1997_12_december_leader07dec developers

This week saw another example of developer-driven planning. NDH Management has put forward a $100 million plan for the area called the Rocks, the series of ramshackle huts on the corner of Barry Drive and Marcus Clarke Street, between the city and the ANU. The Chief Minister, Kate Carnell, gave assurances there would be much consultation before the next step, but seemed to imply that NDH would be the developer. This is not the way to go about the development of the city.

It is true that the area desperately needs attention, and the sort of developments envisaged by NDH would be appropriate for the site. However, there is nothing so unique or brilliant about the NDH proposal that it could claim some sort of intellectual property over the idea.

The Government should have done it differently. It should have seen the need to develop the site and then called for general expressions of interest. Then the development should have gone to open, competitive tender or auction, or a series of tenders. Competition and level playing fields are much maligned by people who oppose the extremes of economic rationalism, but they are the most appropriate and efficient way of dealing with public assets like land and development rights.

The rest of the business community in Canberra should be rightly peeved at the Government’s most-favoured-developer approach. This is not an isolated incident. The same approach was taken with the Hardy’s vineyard proposal at the racecourse and the Shaw proposal for the Bunda Street carpark.

Are we now to surrender planning in the city to a process whereby developers look round for a chunk of public land, put in a development proposal and claim exclusive rights over it?

This approach carries other dangers. It is secretive, involves a transfer of public assets and does not put the deal to the test of other competitive offers. It invites the question: why was that particular developer favoured? The usual answer would be: because it offered a better price and/or a better product than its competitors. But if there are no competitors that answer cannot be given.

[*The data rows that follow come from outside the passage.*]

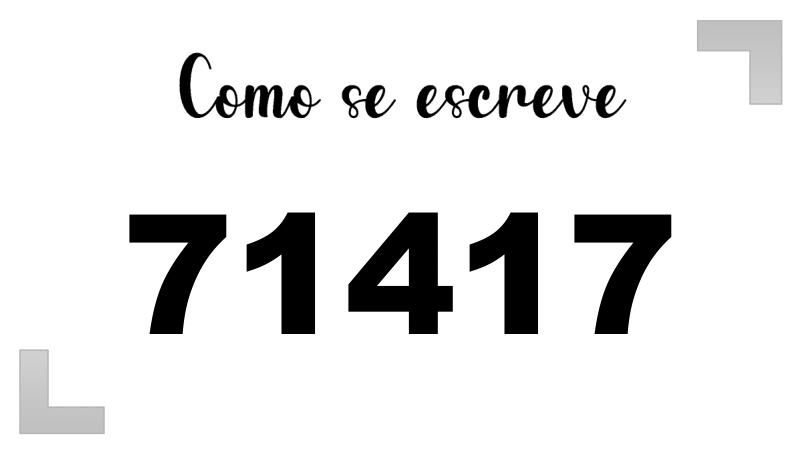 Imagem do número 71417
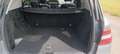 Mercedes-Benz ML 250 M-Klasse Diesel BlueTEC 4MATIC 7G-TRONIC Argintiu - thumbnail 10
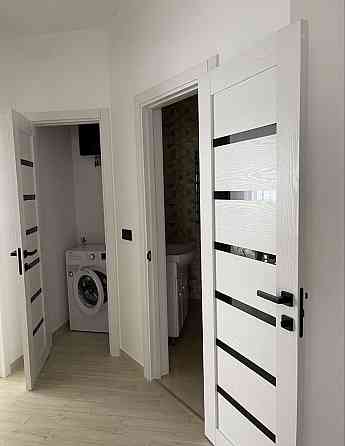 Оренда гарноі квартири, вул Кошицька Ужгород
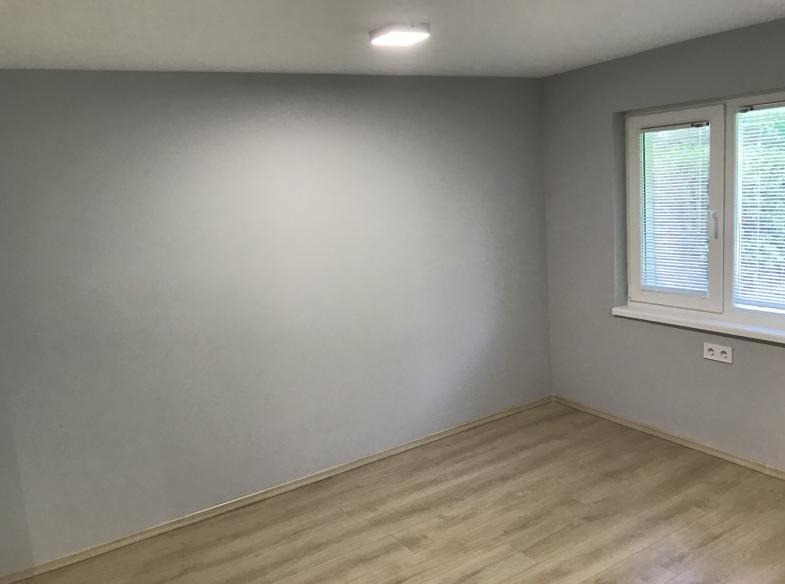 A louer  Studio Plovdiv , Tsentar , 30 m² | 99258456 - image [2]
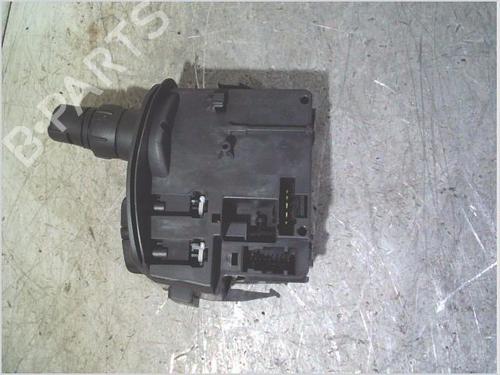 Switch RENAULT CLIO III (BR0/1, CR0/1) 1.2 16V (BR02, BR0J, BR11, CR02, CR0J, CR11) | BP36263568I30 - Image 3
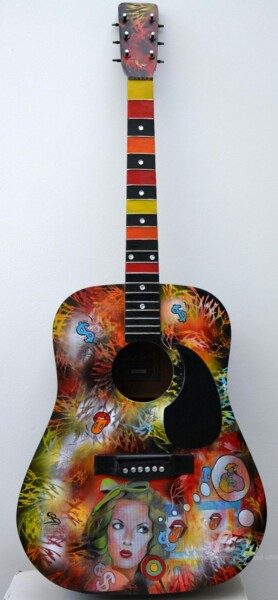 guitarebingo2.jpg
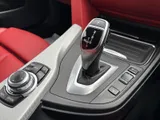 2014 BMW 4 Series thumbnail 14
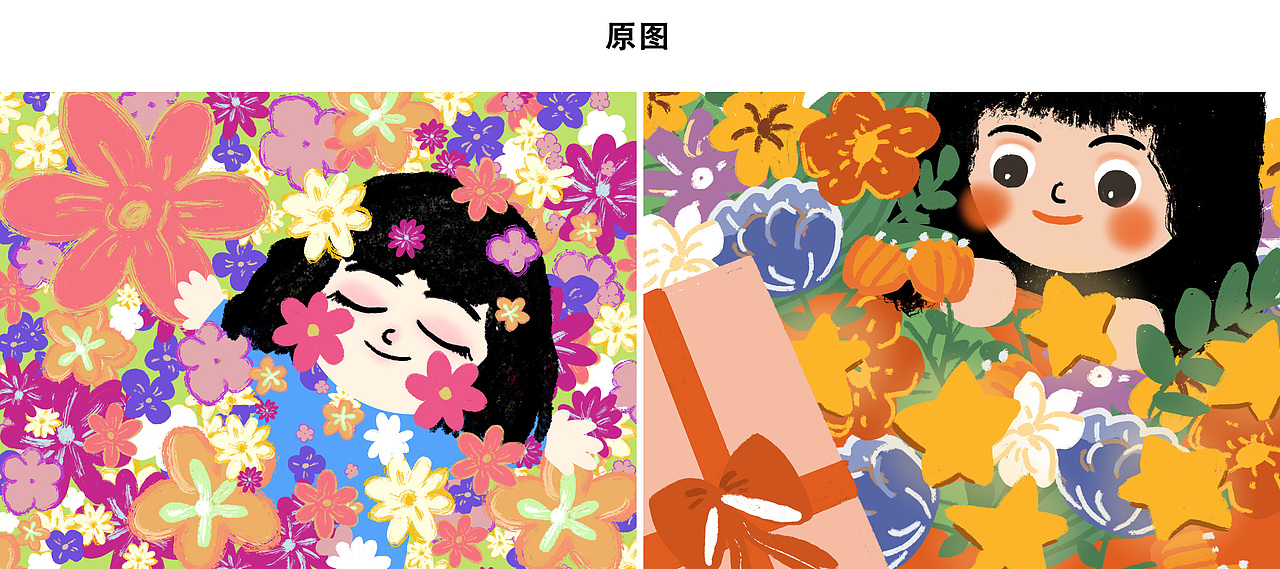 储蓄童真 为爱与梦买单丨银行卡设计（图ZMjgxOTA3NjI4） - 图案 - 站酷设计师Rayme瑞米原创素材 - 站酷ZCOOL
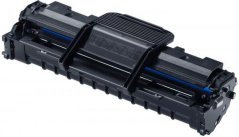 Samsung MLT-D119S Black Originál  (MLTD119S)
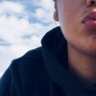 kade profil fotoğrafı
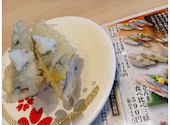 にぎりの徳兵衛 イオンモール京都桂川店: なおなおさんの2026年09月09日の2枚目の投稿写真
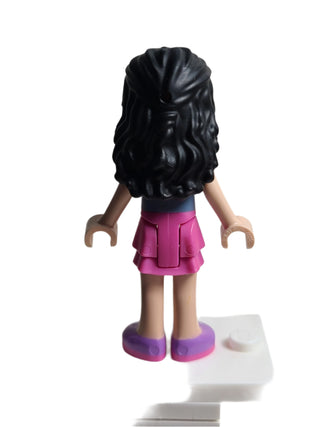 Emma, frnd0423 Minifigure LEGO®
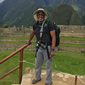 User picture for Ron Williams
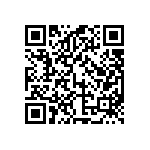 TVP00DT-15-55SA-S35 QRCode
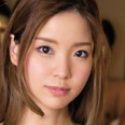 結月恭子の顔3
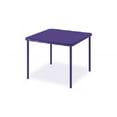 thumbnail image 1 of Cosco 24"X24"Juvenile Table, 1 of 1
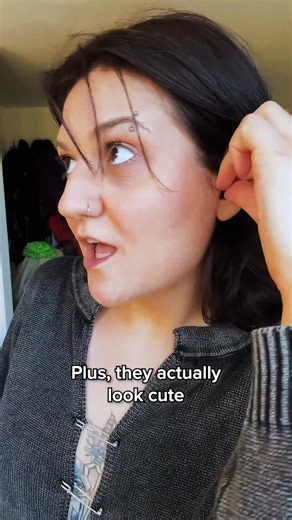 Time for an upgrade? Meet Engage™ 2 earplugs  Our award-winning style, updated to be comfier, more stylish and all around better than ever before. ⭐️ Discreet hearing protection ⭐️ Great for social settings, parenting and more ⭐️ Reduces noise by 16 dB (SNR) ⭐️ No ‘underwater’ feeling when you speak ⭐️ Always a perfect fit Shop now. 100-day free returns. | Loop | Facebook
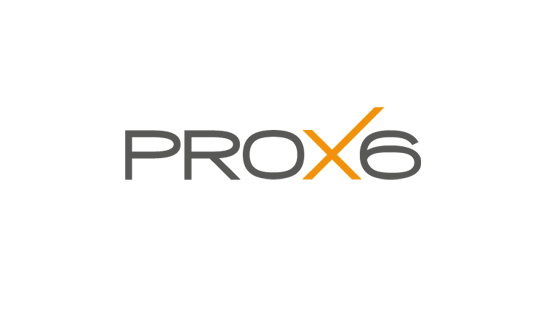 	prox_6_logo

The answer cannot be that the proposal would create much-needed jobs, because the proposal would create the same number of jobs if it were done competitively. Indeed, done competitively the Government would get a better return on its public asset.

In the cases cited it may be that they were favoured just because they asked first. If so it is a poor reason for handing over public assets.

In this environment, it would be a mistake to give the Territory more control over public ACT land by cutting back on the National Capital Authority’s role, though that body has hardly distinguished itself if it is guilty of the petty red tape Mrs Carnell accuses it of with respect to the colour of pavers on Civic Square and other matters.

The rest of the Assembly is hardly any better. When Labor attacked the Government on planning, it used the examples of Futsal, the wedding chapel, the FAI Rally, 999-year leases, and the plan to cut back federal controls. There was no mention of most-favoured-developer tactics because Labor engaged in the same thing when in government. Unfortunately, the Greens and the Independents failed to contribute that day.

The lack of openness, competitiveness and efficiency in ACT planning matters is something the business and wider community should deplore.